Perles played football at Michigan State and was later an assistant coach before leaving to join the Steelers’ coaching staff in 1972. He returned to Michigan State a decade later as head coach and later became athletic director and a member of the school’s governing body.
Michigan State brought him back to revive its beleaguered football program, and he did just that, winning Big Ten titles in 1987 and 1990 and coaching the school in seven bowl games. He helped the Spartans beat Southern California, 20-16, on Jan. 1, 1988, for their first Rose Bowl win in more than three decades.
That game capped his best season with Michigan State, when the linebacker Percy Snow led the defense and the running back Lorenzo White and the receiver Andre Rison powered the offense as the Spartans captured sole possession of the 1987 Big Ten title with a record of 9-2-1. (They shared the title in 1990.) All three went on to play in the N.F.L.
The Steelers’ head coach, Chuck Noll, hired Perles away from the Spartans to oversee Pittsburgh’s vaunted “Steel Curtain” defensive line, led by the Hall of Fame tackle Joe Greene. Perles was later defensive coordinator and assistant head coach for the Steelers as they rolled to four N.F.L. championships in six years.
He returned to Michigan State, in East Lansing, in 1983. The Green Bay Packers tried to lure him back to the N.F.L. shortly after his Rose Bowl victory, and the New York Jets tried to do the same two years later. Both times Perles leveraged the opportunities to get what he wanted at Michigan State.
He signed a 10-year contract with the Spartans after passing on the chance to lead the Packers. On the eve of being introduced as the Jets’ head coach in 1990, he was named the university’s athletic director.
He was fired as coach late in the 1994 season, when Michigan State finished 5-6. After an N.C.A.A. investigation, the Spartans forfeited their games because of an academic scandal, but Perles himself was cleared.
“I would have taken the job with Green Bay (in 1988) or with the Jets (in 1990) if I had known what was coming,” he wrote in a 1995 memoir, “George Perles: The Ride of a Lifetime.”
He remained in Michigan for the rest of his life, helping to create the Motor City Bowl and serving on the Michigan State board of trustees from 2006 to 2018. His coaching record in 12 seasons at Michigan State was 73-62-4 overall and 58-37-2 in the Big Ten.
In 2018, a California woman accused Perles in a lawsuit of covering up a rape by Lawrence G. Nassar, the former doctor for Michigan State and the national gymnastics team. The woman said that Dr. Nassar had raped her and videotaped the assault while she was a member of the women’s field hockey team and that Perles, who was head football coach and athletic director at the time, had covered it up when told about it.
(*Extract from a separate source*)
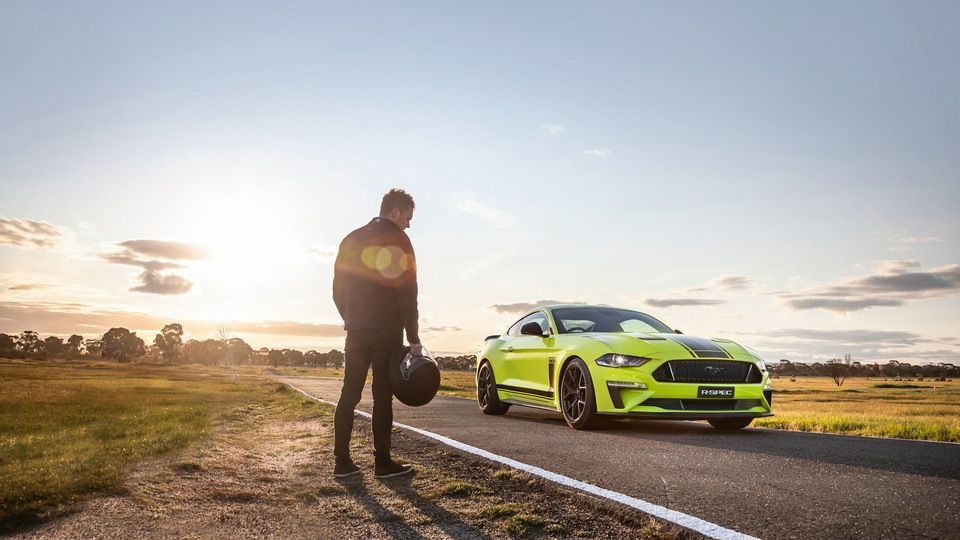 2019 Ford Mustang Gt Fastback 3 4k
Nassar was later convicted of multiple counts of rape and sexual abuse. But a state investigator’s report found “no credible evidence” to support the claim against Perles, who was not listed as a defendant in the suit.
George Julius Perles was born on July 16, 1934, in Detroit and starred on the baseball and football teams at Western High School there, earning all-state honors in football. In 1954 he began a two-year stint in the Army before enrolling at Michigan State.
He was briefly a lineman for the Spartans until a knee injury ended his career. He then became a student assistant to the coach, Duffy Daugherty. He graduated in 1960.
After coaching high school ball and serving as an assistant at the University of Dayton, he returned to Michigan State as an assistant to Daugherty in 1967.
He is survived by his wife, Sally; their children, Kathy, Terry, John and Patrick; and six grandchildren.